The difference between the measured and the estimated numbers of L1 data cache accesses is shown in the column labeled " $\pm$ ." Small values can be interpreted as measurement errors. Higher values indicate that some of the array references are implemented not as loads or stores, but as register accesses. The number of references satisfied by a particular level of the memory hierarchy is the difference between the number of accesses into it (misses of the memory level above it) and the number of accesses not satisfied by it (misses for that particular memory level). For example, the number of references satisfied by the L2 data cache is the number of L1 data cache misses minus the number of L2 data cache misses.

Clearly, for the  $32 \times 32$  and  $64 \times 64$  grids, the L1 and L2 caches hold all the data. When the data no longer fits into the L2 cache, some data will have to be fetched from the L3 cache. For the larger grids (>256 × 256), the data does not fit completely into the L3 cache.

The same principle governs processors with only one or two cache levels. Problems above some threshold size cause memory traffic, either to the next level of cache or to main memory.

The standard red-black Gauss-Seidel algorithm (see Figure 1) repeatedly performs complete sweeps through the grid, from bottom to top. One sweep updates all the red nodes, and another then updates all the black nodes. As mentioned earlier, there is no temporal reuse between sweeps. A closer look reveals some temporal locality within a sweep, which is actually exploited.

Assume that the grid is structured and that the cache is big enough to hold at least a certain number of grid lines. When a grid line is processed, data from neighboring grid lines is also accessed. Provided that the cache does not have associativity conflicts, it should contain the data for two of the three grid lines, because these two grid lines were used recently (i.e., encached). Additionally, we can expect help from the caches in exploiting spatial locality. This is also obvious from Table 2, which shows that even for the largest grids only 7.2% of the references go to main memory.

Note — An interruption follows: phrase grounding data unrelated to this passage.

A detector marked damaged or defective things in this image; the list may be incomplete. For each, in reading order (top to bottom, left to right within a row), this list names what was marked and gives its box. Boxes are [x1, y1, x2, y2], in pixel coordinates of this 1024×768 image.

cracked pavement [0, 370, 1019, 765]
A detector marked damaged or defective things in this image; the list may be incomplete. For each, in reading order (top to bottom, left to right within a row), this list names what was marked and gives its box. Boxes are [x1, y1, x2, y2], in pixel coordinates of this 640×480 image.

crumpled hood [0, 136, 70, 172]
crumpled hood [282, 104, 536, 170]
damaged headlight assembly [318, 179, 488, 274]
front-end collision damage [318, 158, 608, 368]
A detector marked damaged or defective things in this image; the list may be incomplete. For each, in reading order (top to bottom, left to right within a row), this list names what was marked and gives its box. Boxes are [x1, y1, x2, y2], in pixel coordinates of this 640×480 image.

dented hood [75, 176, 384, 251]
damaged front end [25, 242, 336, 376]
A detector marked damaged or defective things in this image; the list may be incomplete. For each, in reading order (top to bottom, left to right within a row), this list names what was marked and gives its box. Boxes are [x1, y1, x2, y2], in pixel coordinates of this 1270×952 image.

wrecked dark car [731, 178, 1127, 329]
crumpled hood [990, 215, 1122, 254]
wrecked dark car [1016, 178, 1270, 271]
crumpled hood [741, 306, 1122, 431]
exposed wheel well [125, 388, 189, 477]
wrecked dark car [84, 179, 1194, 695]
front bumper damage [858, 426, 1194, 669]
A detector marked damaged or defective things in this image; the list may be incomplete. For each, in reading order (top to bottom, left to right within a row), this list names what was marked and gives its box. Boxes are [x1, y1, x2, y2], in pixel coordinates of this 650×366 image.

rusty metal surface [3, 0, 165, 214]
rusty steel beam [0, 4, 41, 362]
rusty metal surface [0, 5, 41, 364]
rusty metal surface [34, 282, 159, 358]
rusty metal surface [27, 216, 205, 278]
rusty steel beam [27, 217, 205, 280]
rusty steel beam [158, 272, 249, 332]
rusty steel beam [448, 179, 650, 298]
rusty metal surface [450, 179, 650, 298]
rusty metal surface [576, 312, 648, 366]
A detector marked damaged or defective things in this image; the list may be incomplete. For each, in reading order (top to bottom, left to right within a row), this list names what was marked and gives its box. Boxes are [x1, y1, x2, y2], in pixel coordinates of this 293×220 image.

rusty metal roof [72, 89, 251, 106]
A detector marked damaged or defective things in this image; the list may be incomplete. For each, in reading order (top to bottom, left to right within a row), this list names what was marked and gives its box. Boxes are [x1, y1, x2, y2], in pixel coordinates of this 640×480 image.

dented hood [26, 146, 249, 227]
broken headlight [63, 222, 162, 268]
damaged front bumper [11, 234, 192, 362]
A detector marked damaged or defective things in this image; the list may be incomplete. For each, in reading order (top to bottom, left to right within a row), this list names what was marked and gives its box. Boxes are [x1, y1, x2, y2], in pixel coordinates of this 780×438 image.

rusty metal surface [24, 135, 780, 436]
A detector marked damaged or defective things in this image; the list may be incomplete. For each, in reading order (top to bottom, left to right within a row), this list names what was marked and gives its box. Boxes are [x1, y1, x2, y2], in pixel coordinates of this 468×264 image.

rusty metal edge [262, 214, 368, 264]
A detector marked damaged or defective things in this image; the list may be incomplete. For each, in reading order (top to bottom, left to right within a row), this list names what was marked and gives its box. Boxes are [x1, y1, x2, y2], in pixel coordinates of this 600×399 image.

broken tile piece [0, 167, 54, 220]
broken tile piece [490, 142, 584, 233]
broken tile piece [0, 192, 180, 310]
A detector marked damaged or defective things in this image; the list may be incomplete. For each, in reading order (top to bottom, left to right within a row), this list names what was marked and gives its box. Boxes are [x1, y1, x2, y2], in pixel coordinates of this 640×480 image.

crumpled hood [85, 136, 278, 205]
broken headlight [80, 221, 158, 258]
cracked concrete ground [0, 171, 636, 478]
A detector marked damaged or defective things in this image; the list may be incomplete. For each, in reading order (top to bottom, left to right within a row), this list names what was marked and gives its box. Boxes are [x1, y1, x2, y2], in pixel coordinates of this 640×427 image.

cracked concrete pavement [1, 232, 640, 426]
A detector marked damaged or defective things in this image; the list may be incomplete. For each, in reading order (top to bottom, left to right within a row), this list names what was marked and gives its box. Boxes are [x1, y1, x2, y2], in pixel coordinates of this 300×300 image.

Improving the temporal locality of successive relaxation sweeps is not trivial in that it requires the blocking of several iteration sweeps. In terms of linear algebra, this is equivalent to computing several matrix-vector products simultaneously. Data dependencies are induced in the process because, in general, the vector product Axmust be computed before A(Ax) can be computed. Fortunately, PDE problems give rise to "special" matrices, and several strategies are available for computing Ax and A(Ax) simultaneously.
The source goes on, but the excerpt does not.